In the 2019 general elections, Indonesian voters elected 118 women to the Indonesian House of Representatives (DPR). Although an increase from 2014, when just 97 women were elected, women still only account for 21 per cent of the 575-member parliament. That means women’s political representation in Indonesia remains lower than the 30 per cent candidate quota imposed by the Law on Elections No. 10, 2008.
There are several factors frustrating women’s political representation including voter beliefs about women’s leadership, gendered processes of candidate selection in political parties and the low numbers of women holding senior positions in the civil service.
However, the possibility of improving women’s political representation in the upcoming February 2024 elections will also depend on overcoming arguably the biggest impediment to their election: money.
Money as a barrier to women’s political representation
In focus group discussions held four months after the 2019 elections in Jakarta and Medan, women candidates lamented that the only thing necessary to be elected was ‘isi ni tas?’ – how much money is in your bag?
It is no secret that contesting elections in Indonesia can be eye-wateringly expensive. The open-list system turns elections into what Nadirsyah Hosen describes as ‘The Hunger Games’ in which candidates must out-compete (and out-bid) others, including from their own party. Cash and gifts – increasingly expected by voters – is one way to stand apart and demonstrate commitment. This, of course, increases the need for major financial backing.
High campaign costs disproportionately impact female candidates globally. Women have less wealth, lower incomes, and face greater challenges in mobilising funds from family or political donors. Indonesian women are similarly disadvantaged, as gender ideologies position women foremost as housewives, thereby constraining their professional opportunities.
Women’s underrepresentation at senior levels in the civil service is also significant given the importance of access to government resources in clientelist politics. As parties provide minimal or no support to nominees, individual candidates must bear expenses themselves. These conditions favour women (and men) from wealthy, celebrity or dynastic backgrounds.
An alternative route to election
Yet there are examples of female (and male candidates) winning in 2019 without resorting to expensive campaigns. Research from Central Java shows how women candidates had an advantage when they ran as, and for women, and by drawing upon extensive women’s networks. In West Sumatra, for example, women’s NGOs played an influential role supporting women candidates through training to overcome money politics and broker access to women’s networks.
Our research on women elected as representatives in North Sumatera found that many substantially lowered costs through long-term relationship-building and electoral practices, such as household visits, that achieve the same symbolic and practical ends as cash transfers, without the added financial expense. Indeed, rather than cash and gifts being an unavoidable electoral strategy, they argued it was used as a short-cut by candidates who had not put in the time to ‘sow and harvest’ relationships in their constituency.
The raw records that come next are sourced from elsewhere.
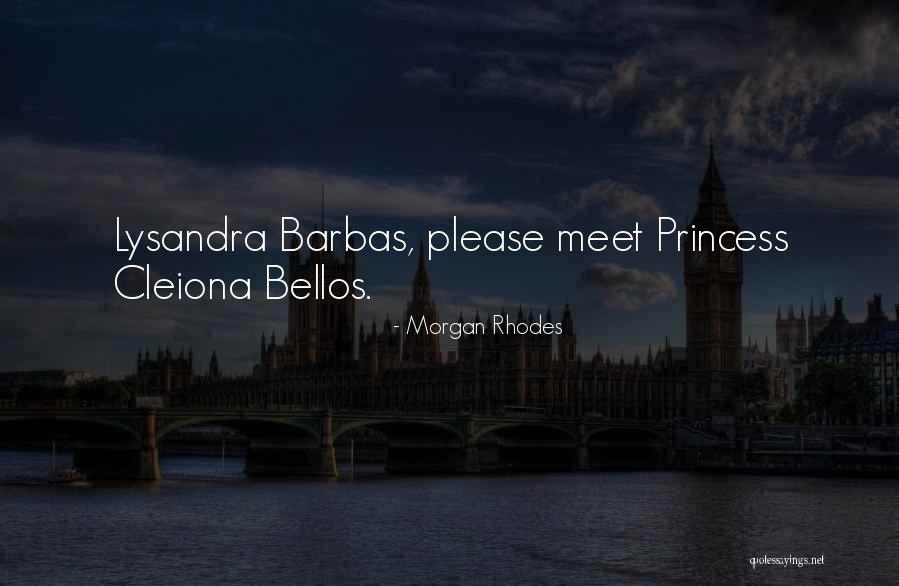 Pontillas Carte Quotes By Morgan Rhodes Pontillas Carte Quotes By Morgan Rhodes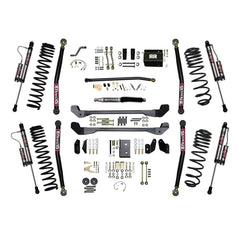 Skyjacker - 6 in. Suspension Lift System With ADX 2.0 Remote Reservoir Shocks. - TJ60RR1LTK-X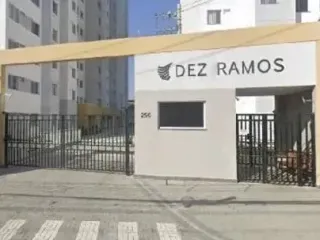 Imagem do imóvel AP27648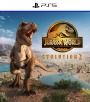 Jurassic World Evolution 2 PS5 - PlayStation 5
The problem, however, remains two-fold. First, candidates must compete against candidates taking these short-cuts. Examples of successful and relatively cheap (but never costless) campaigns are perhaps still the exception.
Second, and in our opinion more importantly, the perception that expensive campaigns are unavoidable discourages credible candidates from stepping forward in the first place. Our conversations with women who are local leaders but who have never contested an election, shows how this perception makes them reluctant to build their careers in a way that would make the transition from grassroots social action to electoral politics a possibility.
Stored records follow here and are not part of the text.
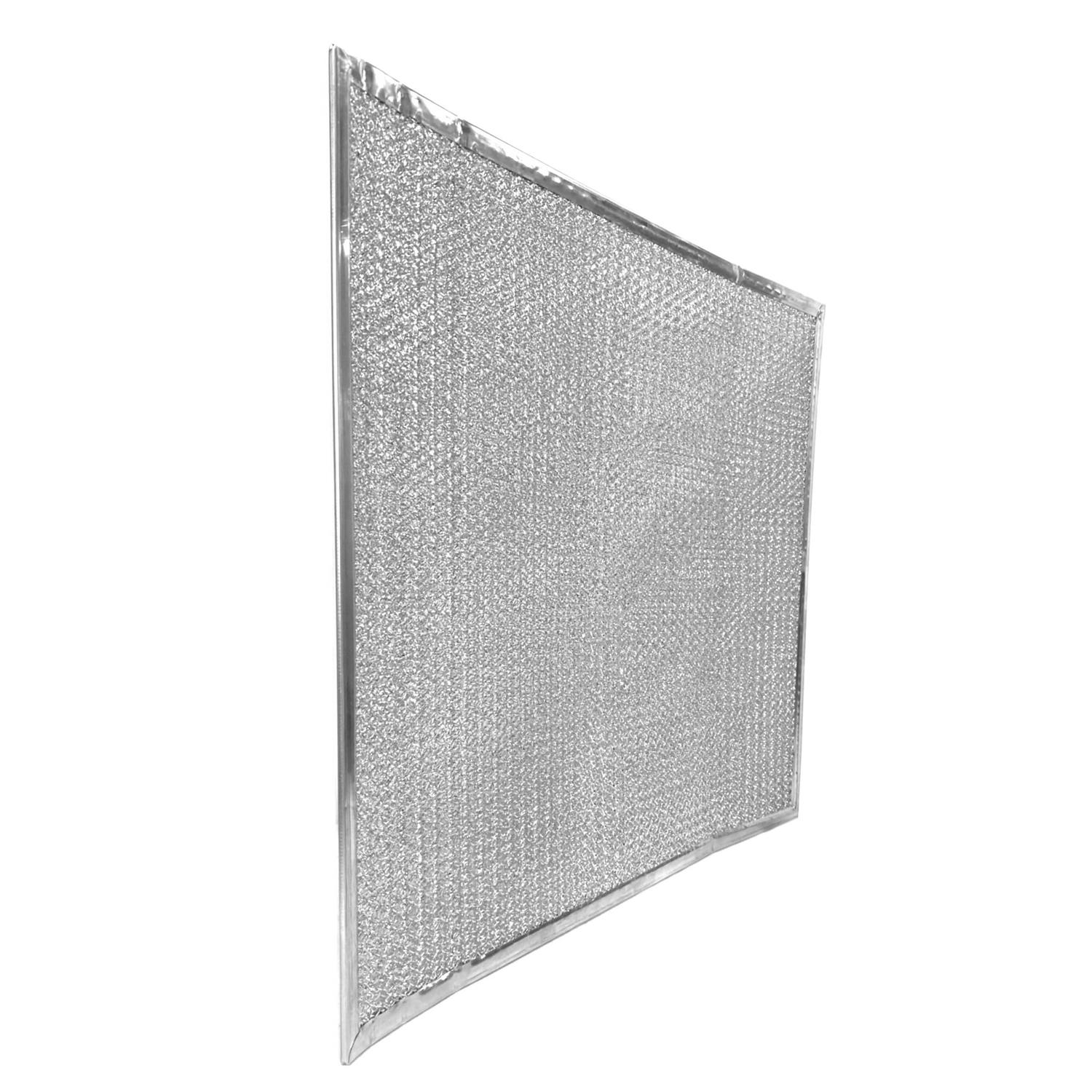 2 pack Air Filter Factory Replacement for Nordyne 917763 Hvac Furnace Aluminum Screen Pre-Filters - Cheap Fitting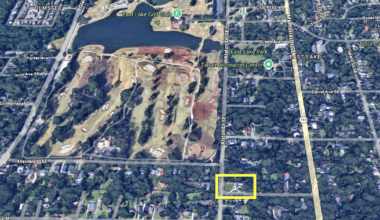 Subdivision in works at cusp of historic Atlanta golf course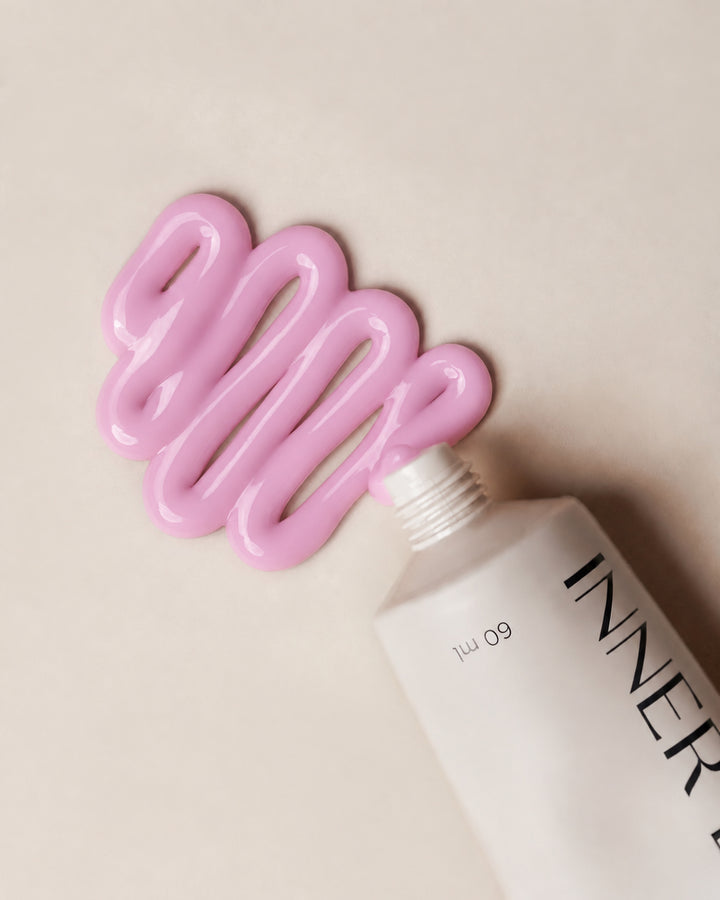 AcrylGel InnerBuild Pink Cloud 60ml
Winning elections requires long-term investments of time, finances and emotions. These are investments many women are unwilling to make so long as the perception remains that campaigns are unaffordable, and hence unwinnable.
Increasing women’s representation
It is too early to tell if the perception that one needs a lot of money to run a successful campaign will continue in the 2024 election. The decision of the Indonesian Constitutional court in June 2023 to continue the open-list system seems to be a blow to advocates seeking to reduce the influence of money in Indonesia’s democracy.
This year also marks the second ever simultaneous general election in Indonesia – including both presidential and legislative elections – and the impact of this change for women’s representation is still uncertain. Focus group participants told us in 2019 it had a negative impact on their ability to cut through the noise of the presidential election, thereby increasing costs. However, in 2022, women also said they benefited if they were from the same party as a presidential candidate and positioned first on the ballot.
Yet electoral cultures are not static. Voters are savvy, and already candidates need to put in place measures to ensure promises to vote a certain way in return for cash or gifts are upheld. Promoting narratives that it is possible to win elections on the cheap may challenge the perception that distributing cash is unavoidable and effective – and that would have the potential to slowly transform electoral practices.
Changes to the culture of money politics would, however, take several electoral cycles to affect women’s representation. In the meantime, campaign financing for women in other democratic contexts increase the viability of women’s candidacies. Campaigns are never free, and some financial support would be valuable in Indonesia, yet when the ‘sky is the limit’ in terms of expenditure, campaign financing cannot be the only solution.
Rather we advocate identifying potential candidates early and guiding them in building careers in community action that sow the right seeds for a transition into a political career. This way they have the potential to become viable candidates in the future, without resorting to money politics.
Neither path to increase women’s representation – transforming electoral cultures or enabling women to better manoeuvre within them – are quick fixes, or even certain to have the desired result. But what is certain is that addressing women’s political representation requires attention be paid to the gendered impacts of Indonesia’s expensive elections.